## Unit 4 | Assignment - Pandas, Pandas, Pandas

## Background

The data dive continues!

Now, it's time to take what you've learned about Python Pandas and apply it to new situations. For this assignment, you'll need to complete **1 of 2**  Data Challenges. Once again, it's your choice which you choose. Just be sure to give it your all -- as the skills you hone will become powerful tools in your data analytics tool belt.

## Option 1: Heroes of Pymoli

![Fantasy](Images/Fantasy.jpg)

Congratulations! After a lot of hard work in the data munging mines, you've landed a job as Lead Analyst for an independent gaming company. You've been assigned the task of analyzing the data for their most recent fantasy game Heroes of Pymoli. 

Like many others in its genre, the game is free-to-play, but players are encouraged to purchase optional items that enhance their playing experience. As a first task, the company would like you to generate a report that breaks down the game's purchasing data into meaningful insights.

Your final report should include each of the following:

**Player Count**

* Total Number of Players

**Purchasing Analysis (Total)**

* Number of Unique Items
* Average Purchase Price
* Total Number of Purchases
* Total Revenue

**Gender Demographics**

* Percentage and Count of Male Players
* Percentage and Count of Female Players
* Percentage and Count of Other / Non-Disclosed

**Purchasing Analysis (Gender)** 

* The below each broken by gender
  * Purchase Count
  * Average Purchase Price
  * Total Purchase Value
  * Normalized Totals

**Age Demographics**

* The below each broken into bins of 4 years (i.e. &lt;10, 10-14, 15-19, etc.) 
  * Purchase Count
  * Average Purchase Price
  * Total Purchase Value
  * Normalized Totals

**Top Spenders**

* Identify the the top 5 spenders in the game by total purchase value, then list (in a table):
  * SN
  * Purchase Count
  * Average Purchase Price
  * Total Purchase Value

**Most Popular Items**

* Identify the 5 most popular items by purchase count, then list (in a table):
  * Item ID
  * Item Name
  * Purchase Count
  * Item Price
  * Total Purchase Value

**Most Profitable Items**

* Identify the 5 most profitable items by total purchase value, then list (in a table):
  * Item ID
  * Item Name
  * Purchase Count
  * Item Price
  * Total Purchase Value

As final considerations:

* Your script must work for both data-sets given.
* You must use the Pandas Library and the Jupyter Notebook.
* You must submit a link to your Jupyter Notebook with the viewable Data Frames. 
* You must include an exported markdown version of your Notebook called  `README.md` in your GitHub repository.  
* You must include a written description of three observable trends based on the data. 
* See [Example Solution](HeroesOfPymoli/HeroesOfPymoli_Example.pdf) for a reference on expected format. 

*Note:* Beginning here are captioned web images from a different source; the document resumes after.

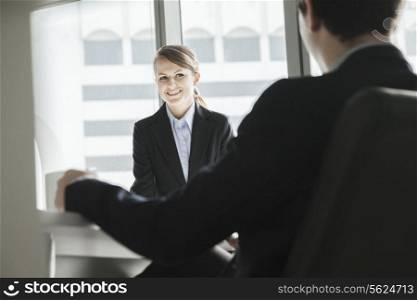 Two business people sitting, smiling and looking at each other during a business meeting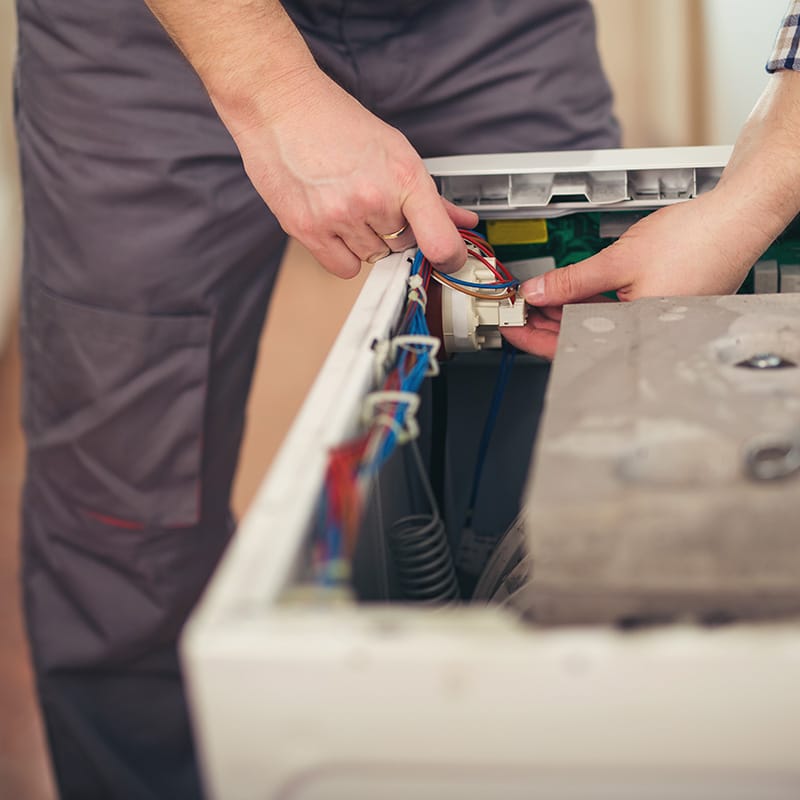 a Chipper Plumbing appliance expert managing wiring in a washing machine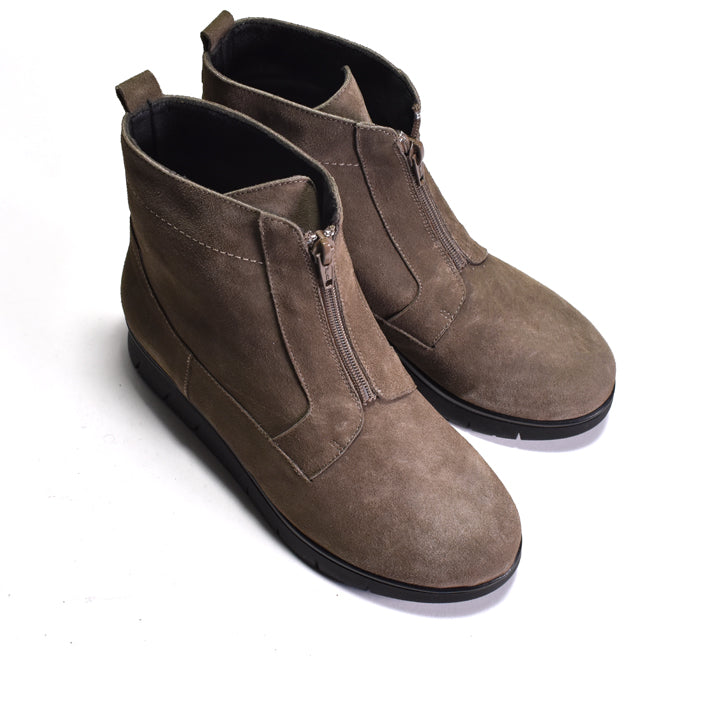 Pair of brown suede ankle boots with zippers on a white background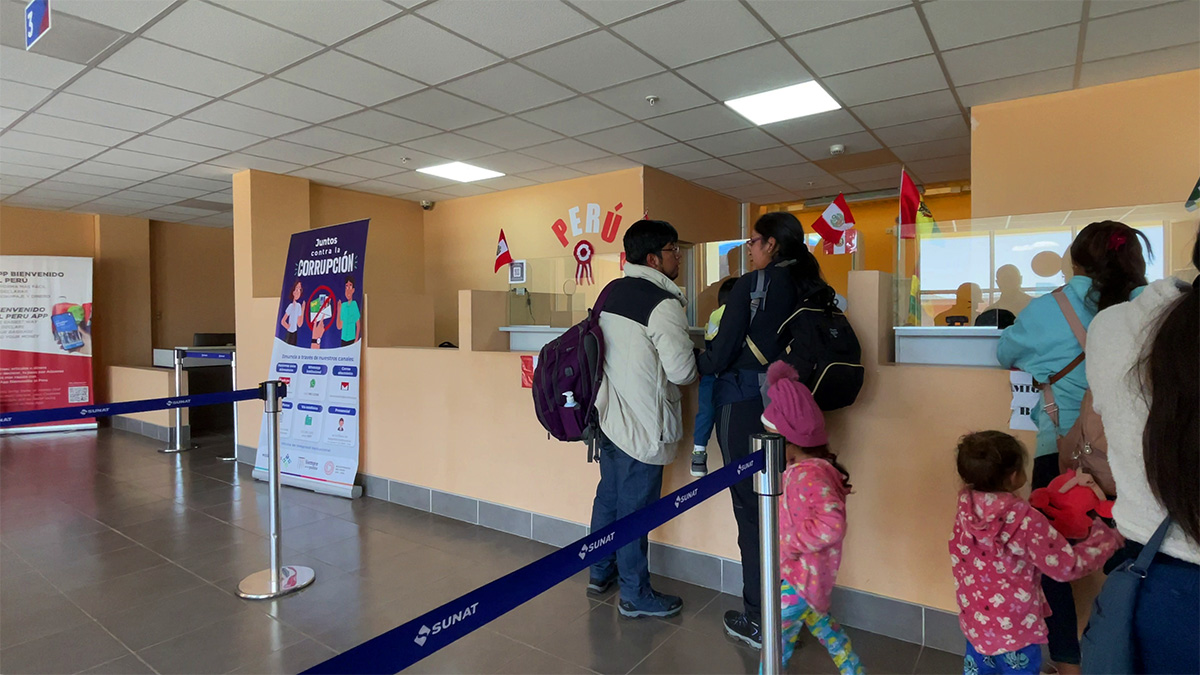 People waiting to be processed at the immigration desk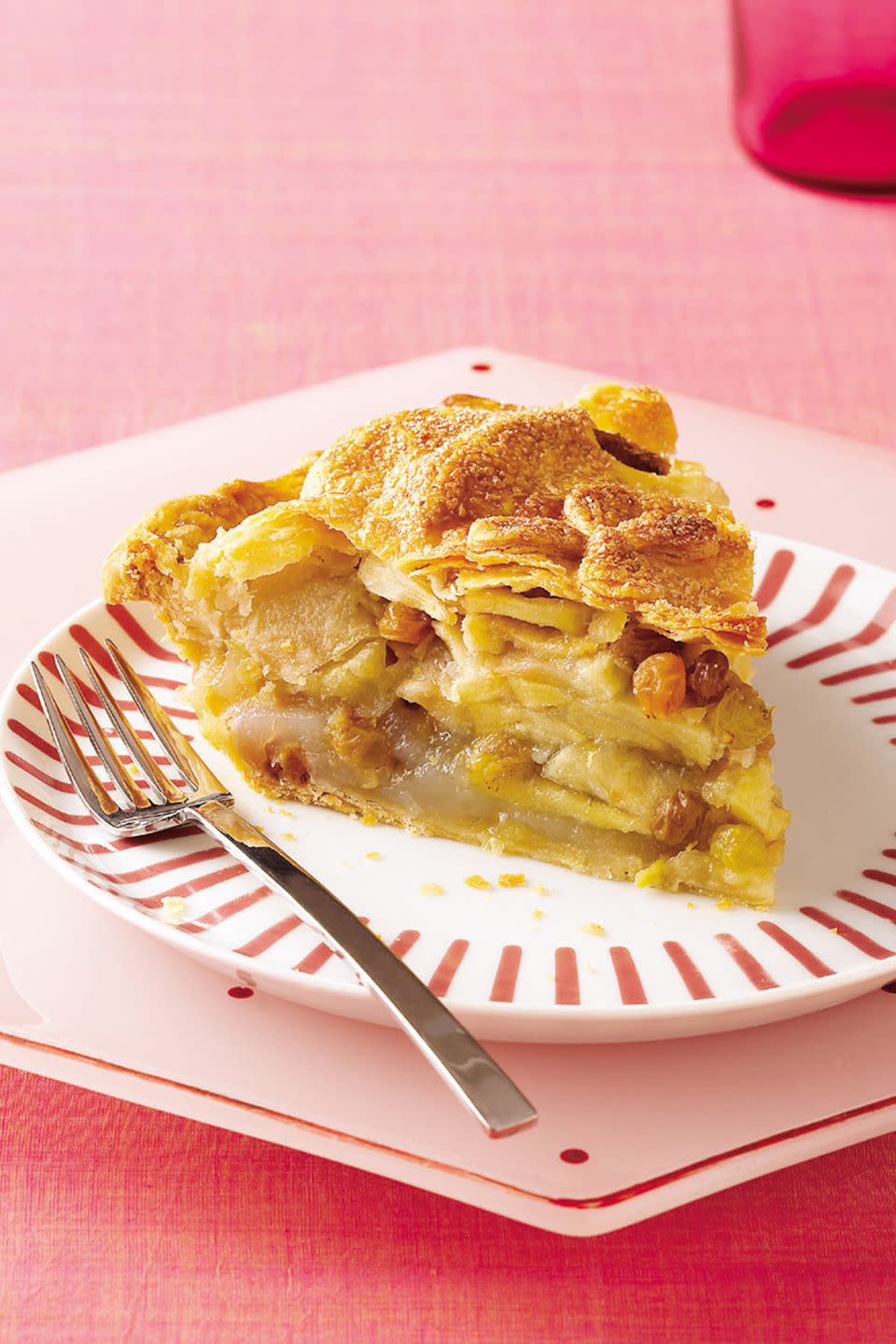 <p>Think it can't get any better than classic apple pie? Think again. This fruit-filled creation puts a unique spin on tradition with golden raisins, crystallized ginger, lime peel and fresh lime juice.</p><p><strong><a rel="nofollow noopener" href="https://www.womansday.com/food-recipes/food-drinks/recipes/a10311/ginger-dandy-apple-pie-121610/" target="_blank" data-ylk="slk:Get the recipe.;elm:context_link;itc:0;sec:content-canvas" class="link ">Get the recipe.</a></strong><br></p>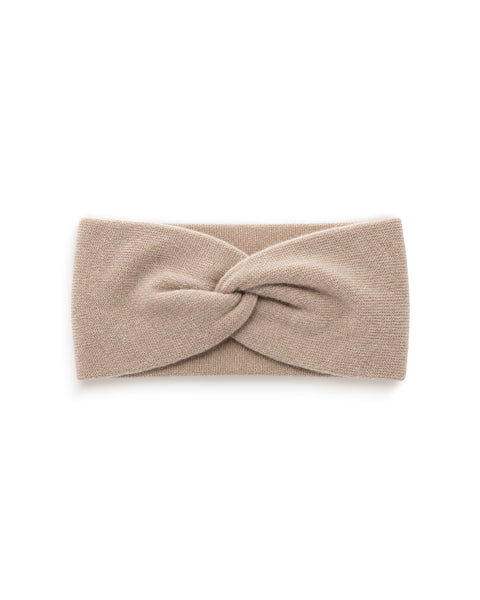 A sand beige knit headband featuring a twisted knot design in the center, displayed flat against a plain white background.
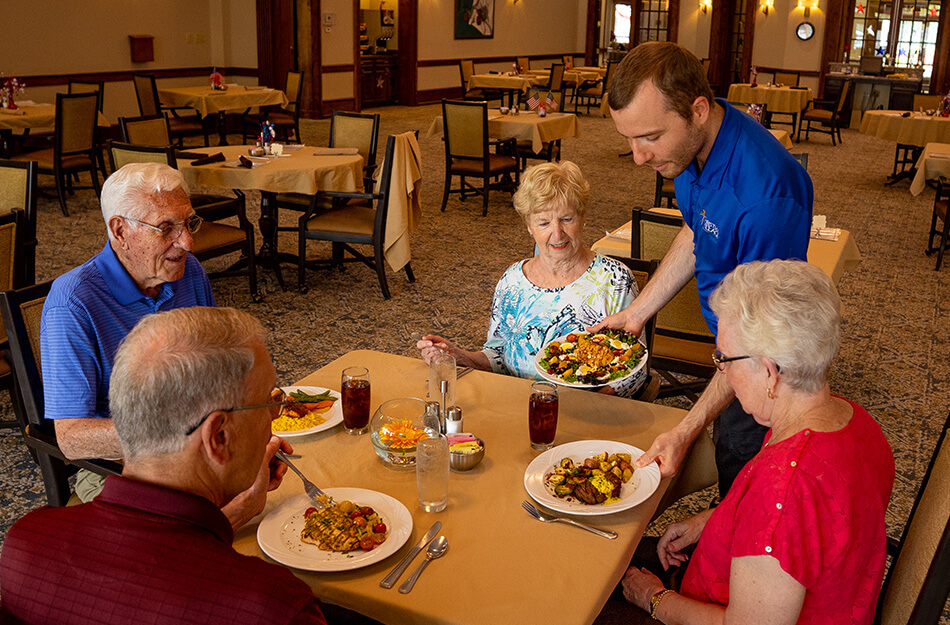 Friends being served dinner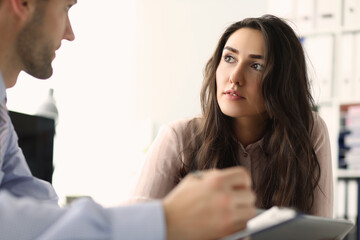 Two young employees looking at each other in the office while talking. Teamwork and partnership concept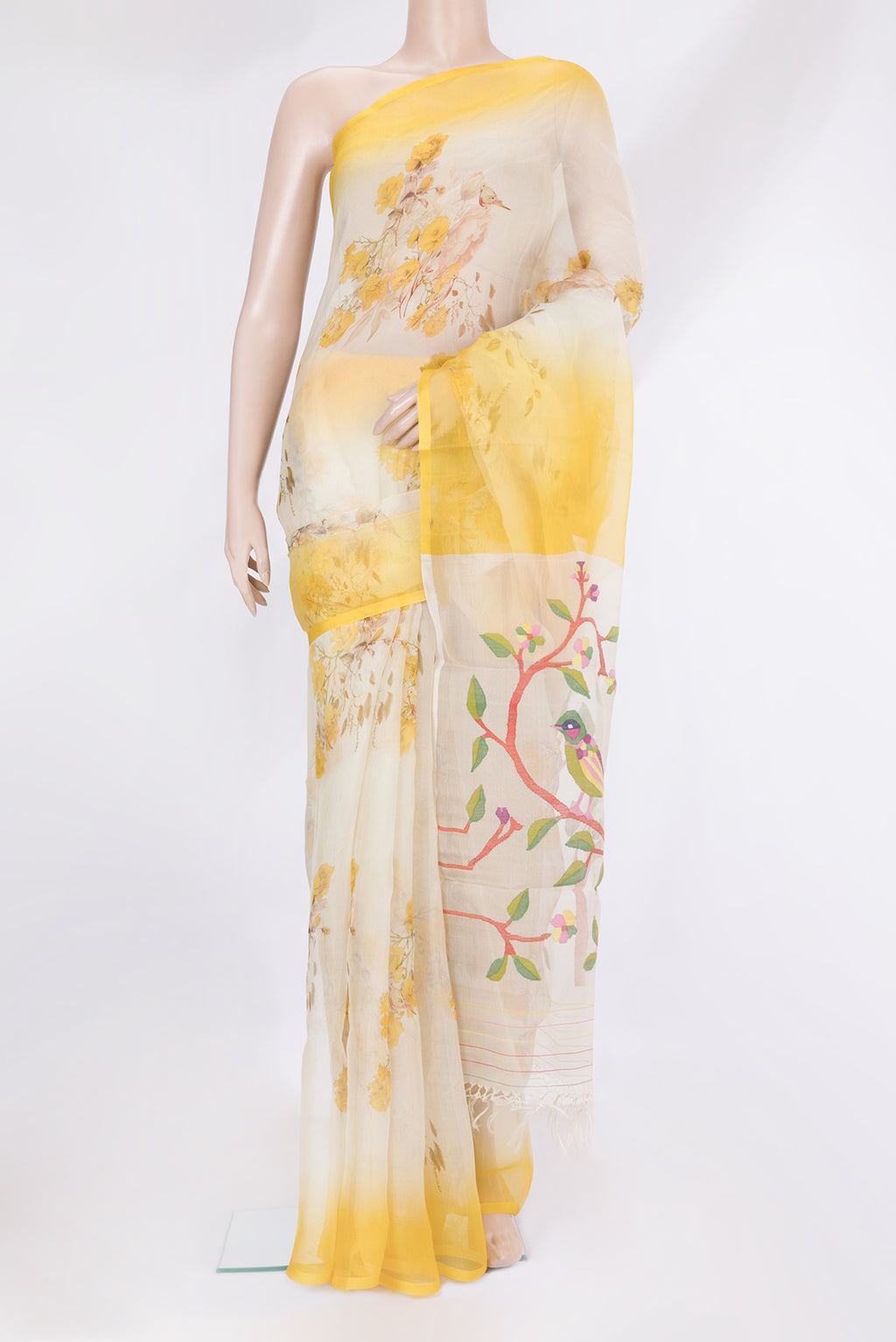 Off White Organza Silk Saree with Floral Print on the body and Plain Border.  displayed on a mannequin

## Hints and Considerations

* These are challenging activities for a number of reasons. For one, these activities will require you to analyze thousands of records. Hacking through the data to look for obvious trends in Excel is just not a feasible option. The size of the data may seem daunting, but Python Pandas will allow you to efficiently parse through it. 

* Second, these activities will also challenge you by requiring you to learn on your feet. Don't fool yourself into thinking: "I need to study Pandas more closely before diving in." Get the basic gist of the library and then _immediately_ get to work. When facing a daunting task, it's easy to think: "I'm just not ready to tackle it yet." But that's the surest way to never succeed. Learning to program requires one to constantly tinker, experiment, and learn on the fly. You are doing exactly the _right_ thing, if you find yourself constantly practicing Google-Fu and diving into documentation. There is just no way (or reason) to try and memorize it all. Online references are available for you to use when you need them. So use them!

* Take each of these tasks one at a time. Begin your work, answering the basic questions: "How do I import the data?" "How do I convert the data into a DataFrame?" "How do I build the first table?" Don't get intimidated by the number of asks. Many of them are repetitive in nature with just a few tweaks. Be persistent and creative!

* Expect these exercises to take time! Don't get discouraged if you find yourself spending  hours initially with little progress. Force yourself to deal with the discomfort of not knowing and forge ahead. This exercise is likely to take between 15-30 hours of your time. Consider these hours an investment in your future!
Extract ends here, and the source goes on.